Critically ill patients may have acute respiratory distress syndrome, septic shock that may represent virus-induced distributive shock, cardiac dysfunction, elevation in levels of multiple inflammatory cytokines that provoke a cytokine storm, and/or exacerbation of underlying comorbidities. In addition to pulmonary disease, patients with critical illness may also experience cardiac, hepatic, renal, central nervous system, or thrombotic disease.

As with any patient in the intensive care unit (ICU), successful clinical management of a patient with COVID-19 includes treating both the medical condition that initially resulted in ICU admission and other comorbidities and nosocomial complications.

For more information, see Care of Critically Ill Patients With COVID-19.
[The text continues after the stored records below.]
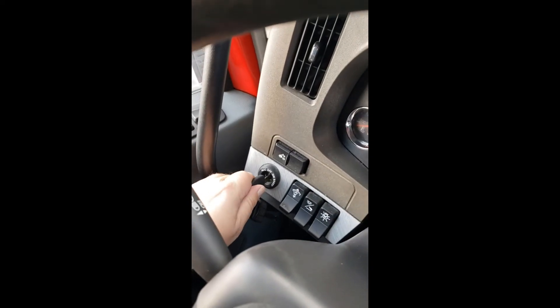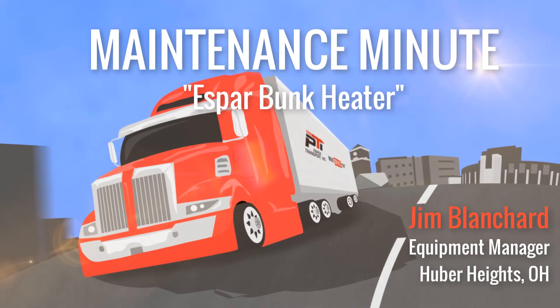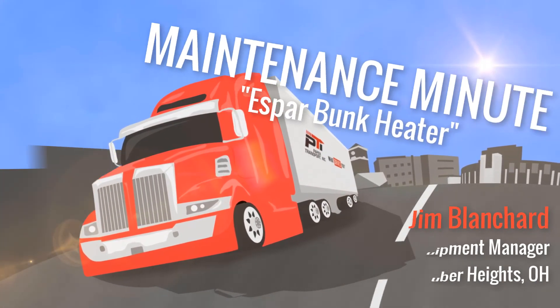It's been about 4 minutes and I have heat coming out of my heater underneath the bunk, right down here. Now I go over and turn the key off — and it's still blowing heat. That should stay on for another 9 hours and 58 minutes. Thank you.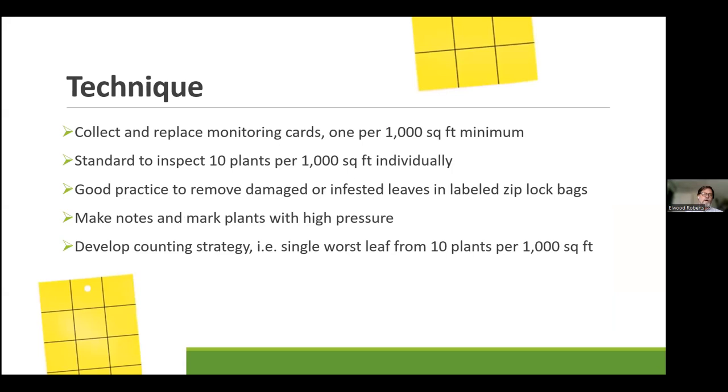In terms of technique, the standard is one monitoring card for every 1,000 square feet, more or less the same place each week, counting the same one so you can monitor changes. You could do more cards, but remember that too many is not labor-efficient — someone has to count them, or they're only traps. Ten leaves per 1,000 square feet doesn't sound like a lot, but that's going to be 40 leaves in a 4,000 square foot room. If you have seven strains, you might get six leaves per strain — keep it consistent. It's the weekly repetition that's going to give your program real strength.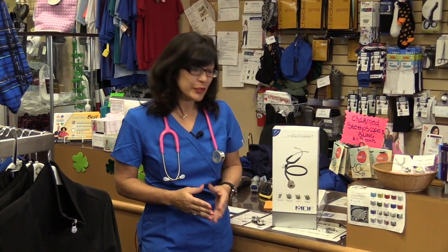Come check out the stethoscope. They are only $88, and you can combine this into like three different stethoscopes in one. It comes in a large variety of colors.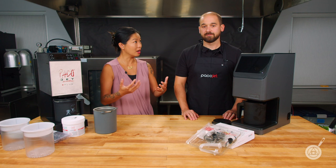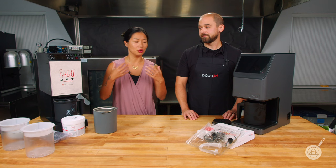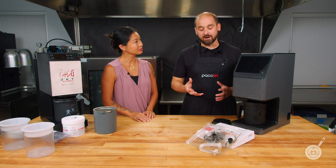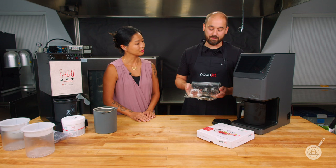One of the most common questions we get when talking about the Pacojet is: what else can I do besides ice cream? So Jeff is going to show you what else you can do besides ice cream, which is many things. Bridging out from Paco-tizing, we wanted to introduce what we call the coupe set.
Persistent Symptoms or Organ Dysfunction After Acute COVID-19

There have been an increasing number of reports of patients who experience persistent symptoms and/or organ dysfunction after acute COVID-19. At this time, there is limited information on the prevalence, duration, underlying causes, and effective management strategies for these lingering signs and symptoms.12 The nomenclature for this phenomenon is evolving, but it has been referred to as “postacute COVID-19 syndrome” or “long COVID,” and affected patients have been referred to as “long haulers.” The incidence, natural history, and etiology of these symptoms are currently unknown. Currently, there is no case definition for postacute COVID-19 syndrome, and no specific time frame has been established to define late sequelae of COVID-19. However, the Centers for Disease Control and Prevention (CDC) recently proposed defining late sequelae as sequelae that extend beyond 4 weeks after initial infection.13,14 Some of the symptoms overlap with the post–intensive care syndrome (PICS) that has been described in patients without COVID-19, but prolonged symptoms and disabilities after COVID-19 have also been reported in patients with milder illness, including outpatients (see General Considerations for information on PICS).15,16

Common persistent symptoms include fatigue, joint pain, chest pain, palpitations, shortness of breath, cognitive impairment, and worsened quality of life.17,18 The CDC conducted a telephone survey of a random sample of 292 adult outpatients who had positive polymerase chain reaction results for SARS-CoV-2. Among the 274 respondents who were symptomatic at the time of testing, 35% reported not having returned to their usual state of health 2 weeks or more after testing; 26% of these patients were aged 18 to 34 years (n = 85), 32% were aged 35 to 49 years (n = 96), and 47% were aged ≥50 years (n = 89).16 An age of ≥50 years and the presence of three or more chronic medical conditions were associated with not returning to usual health within 14 to 21 days. Moreover, one in five individuals aged 18 to 34 years who did not have chronic medical conditions had not achieved baseline health when interviewed at a median of 16 days from the testing date.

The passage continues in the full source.